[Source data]
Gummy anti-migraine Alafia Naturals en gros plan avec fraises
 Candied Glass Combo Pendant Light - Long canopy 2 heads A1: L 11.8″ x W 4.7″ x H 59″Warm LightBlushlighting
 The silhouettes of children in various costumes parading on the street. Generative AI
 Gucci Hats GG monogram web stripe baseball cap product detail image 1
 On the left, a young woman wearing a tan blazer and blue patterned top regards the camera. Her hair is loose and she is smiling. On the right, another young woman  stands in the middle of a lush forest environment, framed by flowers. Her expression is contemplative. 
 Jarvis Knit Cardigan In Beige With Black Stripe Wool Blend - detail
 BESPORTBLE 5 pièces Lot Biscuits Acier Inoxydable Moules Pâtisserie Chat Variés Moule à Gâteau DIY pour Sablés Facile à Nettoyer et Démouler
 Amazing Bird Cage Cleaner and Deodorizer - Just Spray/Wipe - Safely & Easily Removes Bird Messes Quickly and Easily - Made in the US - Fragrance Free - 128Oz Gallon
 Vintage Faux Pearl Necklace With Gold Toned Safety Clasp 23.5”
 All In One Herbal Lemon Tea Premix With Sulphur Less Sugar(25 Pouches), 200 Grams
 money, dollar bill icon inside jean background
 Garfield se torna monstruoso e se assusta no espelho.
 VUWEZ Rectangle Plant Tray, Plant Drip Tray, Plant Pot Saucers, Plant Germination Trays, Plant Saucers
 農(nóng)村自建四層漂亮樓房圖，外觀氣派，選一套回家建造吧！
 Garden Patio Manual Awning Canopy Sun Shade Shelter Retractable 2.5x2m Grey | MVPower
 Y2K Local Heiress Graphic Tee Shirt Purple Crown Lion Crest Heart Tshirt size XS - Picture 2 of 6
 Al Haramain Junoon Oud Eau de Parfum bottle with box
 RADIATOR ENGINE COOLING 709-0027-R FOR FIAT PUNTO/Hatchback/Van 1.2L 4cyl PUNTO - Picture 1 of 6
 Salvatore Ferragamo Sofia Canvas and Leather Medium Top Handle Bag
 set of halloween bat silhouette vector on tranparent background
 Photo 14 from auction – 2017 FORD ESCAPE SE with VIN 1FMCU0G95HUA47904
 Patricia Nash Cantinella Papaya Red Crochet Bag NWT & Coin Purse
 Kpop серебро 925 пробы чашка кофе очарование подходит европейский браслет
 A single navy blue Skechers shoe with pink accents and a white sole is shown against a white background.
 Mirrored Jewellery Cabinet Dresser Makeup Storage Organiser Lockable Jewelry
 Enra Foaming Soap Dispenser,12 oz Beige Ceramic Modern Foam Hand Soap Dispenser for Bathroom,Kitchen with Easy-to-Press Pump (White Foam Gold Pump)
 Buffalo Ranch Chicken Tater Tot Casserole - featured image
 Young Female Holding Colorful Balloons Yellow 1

> WHAT YOU WILL DO:
Copy every line of the records word for word.

> RESPONSE:
Gummy anti-migraine Alafia Naturals en gros plan avec fraises
 Candied Glass Combo Pendant Light - Long canopy 2 heads A1: L 11.8″ x W 4.7″ x H 59″Warm LightBlushlighting
 The silhouettes of children in various costumes parading on the street. Generative AI
 Gucci Hats GG monogram web stripe baseball cap product detail image 1
 On the left, a young woman wearing a tan blazer and blue patterned top regards the camera. Her hair is loose and she is smiling. On the right, another young woman  stands in the middle of a lush forest environment, framed by flowers. Her expression is contemplative. 
 Jarvis Knit Cardigan In Beige With Black Stripe Wool Blend - detail
 BESPORTBLE 5 pièces Lot Biscuits Acier Inoxydable Moules Pâtisserie Chat Variés Moule à Gâteau DIY pour Sablés Facile à Nettoyer et Démouler
 Amazing Bird Cage Cleaner and Deodorizer - Just Spray/Wipe - Safely & Easily Removes Bird Messes Quickly and Easily - Made in the US - Fragrance Free - 128Oz Gallon
 Vintage Faux Pearl Necklace With Gold Toned Safety Clasp 23.5”
 All In One Herbal Lemon Tea Premix With Sulphur Less Sugar(25 Pouches), 200 Grams
 money, dollar bill icon inside jean background
 Garfield se torna monstruoso e se assusta no espelho.
 VUWEZ Rectangle Plant Tray, Plant Drip Tray, Plant Pot Saucers, Plant Germination Trays, Plant Saucers
 農(nóng)村自建四層漂亮樓房圖，外觀氣派，選一套回家建造吧！
 Garden Patio Manual Awning Canopy Sun Shade Shelter Retractable 2.5x2m Grey | MVPower
 Y2K Local Heiress Graphic Tee Shirt Purple Crown Lion Crest Heart Tshirt size XS - Picture 2 of 6
 Al Haramain Junoon Oud Eau de Parfum bottle with box
 RADIATOR ENGINE COOLING 709-0027-R FOR FIAT PUNTO/Hatchback/Van 1.2L 4cyl PUNTO - Picture 1 of 6
 Salvatore Ferragamo Sofia Canvas and Leather Medium Top Handle Bag
 set of halloween bat silhouette vector on tranparent background
 Photo 14 from auction – 2017 FORD ESCAPE SE with VIN 1FMCU0G95HUA47904
 Patricia Nash Cantinella Papaya Red Crochet Bag NWT & Coin Purse
 Kpop серебро 925 пробы чашка кофе очарование подходит европейский браслет
 A single navy blue Skechers shoe with pink accents and a white sole is shown against a white background.
 Mirrored Jewellery Cabinet Dresser Makeup Storage Organiser Lockable Jewelry
 Enra Foaming Soap Dispenser,12 oz Beige Ceramic Modern Foam Hand Soap Dispenser for Bathroom,Kitchen with Easy-to-Press Pump (White Foam Gold Pump)
 Buffalo Ranch Chicken Tater Tot Casserole - featured image
 Young Female Holding Colorful Balloons Yellow 1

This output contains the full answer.